* TASK:
Return the lines below exactly, from the first line to the line that contains "To find the". Leave out pictures.

Records from a collection:

++++++++++

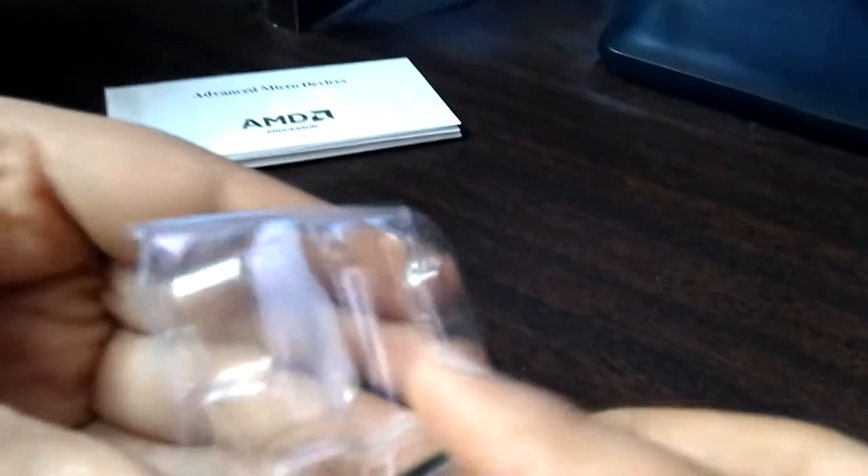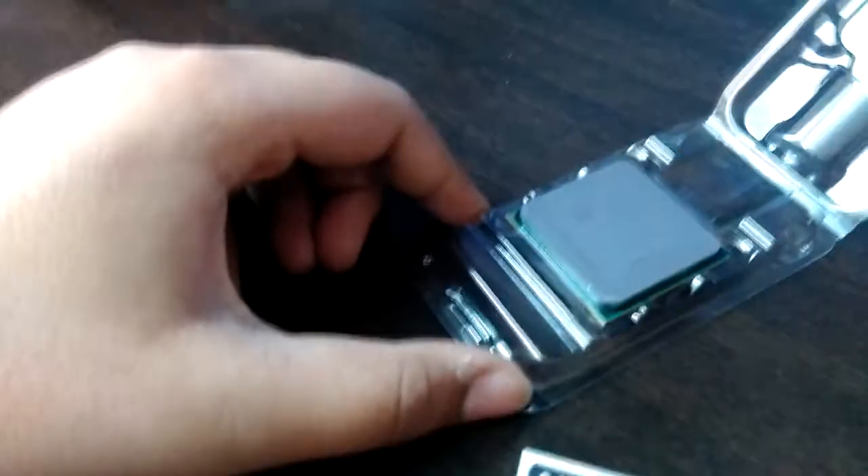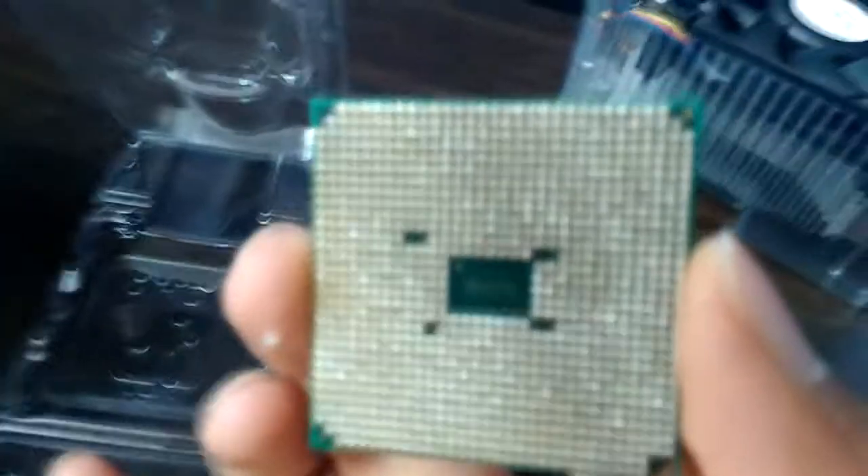These are the tiny tiny pins — we must not touch these because they are very fragile. Let me just take this out. Once we touch those, they're gonna get bent and we are going to be in trouble. So be careful with these; if even one of these gets bent, we are going to be in trouble.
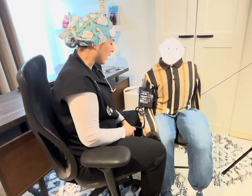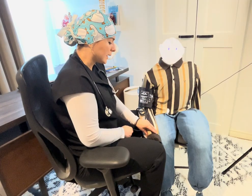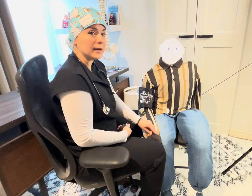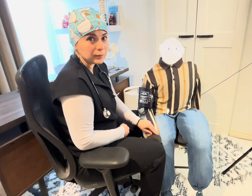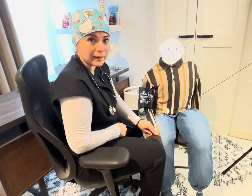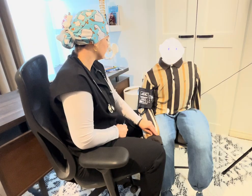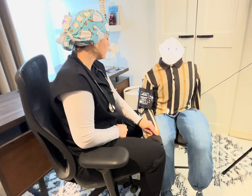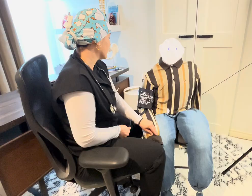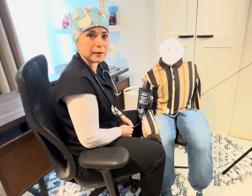To find the estimated systolic pressure, locate the radial pulse and palpate it, then inflate the cuff. At the point when you no longer feel the pulse — when it obliterates — look at the gauge and remember that number. For example, let's say at 100 mmHg the pulse is no longer palpable. Go ahead and deflate the cuff at a rate of 3 mmHg per second.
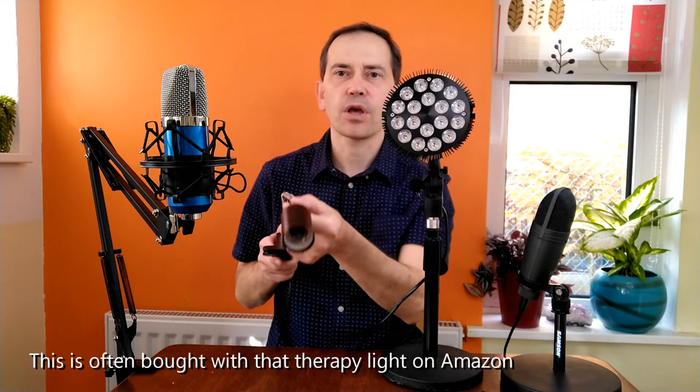We'll see if it works or not, and if it's actually usable. Remember, I tried to fit that light with this light holder, but because it's so heavy it didn't hold and the light immediately goes down to the floor. So let's check if it works with the microphone stand on a boom arm like this.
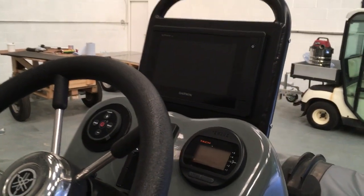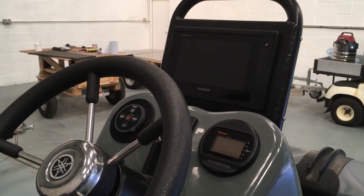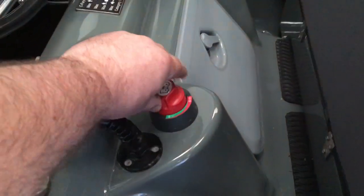And then if you just want to isolate it, knock them off. And then isolate the battery switch here. And that was the charger I was talking about.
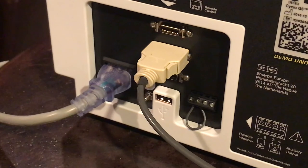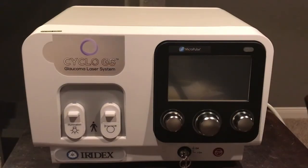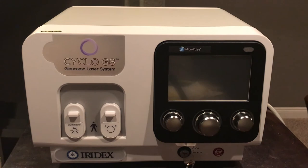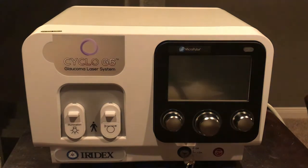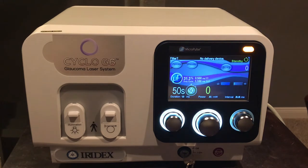You may choose any one of the three multi-function port inputs. Once you have plugged the power cord into the unit and into the wall receptacle, and ensured that the foot plate is plugged into one of the multi-use ports on the back of the laser, turn the Cyclo G6 on by rotating the key to the right. This initiates the self-check and startup process, which may take 30 to 45 seconds, ensuring the laser is operating at optimal form. Once complete, you will see the startup screen.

++++++++++

* RESPONSE AREA:
These are the tiny tiny pins — we must not touch these because they are very fragile. Let me just take this out. Once we touch those, they're gonna get bent and we are going to be in trouble. So be careful with these; if even one of these gets bent, we are going to be in trouble.
To find the estimated systolic pressure, locate the radial pulse and palpate it, then inflate the cuff. At the point when you no longer feel the pulse — when it obliterates — look at the gauge and remember that number. For example, let's say at 100 mmHg the pulse is no longer palpable. Go ahead and deflate the cuff at a rate of 3 mmHg per second.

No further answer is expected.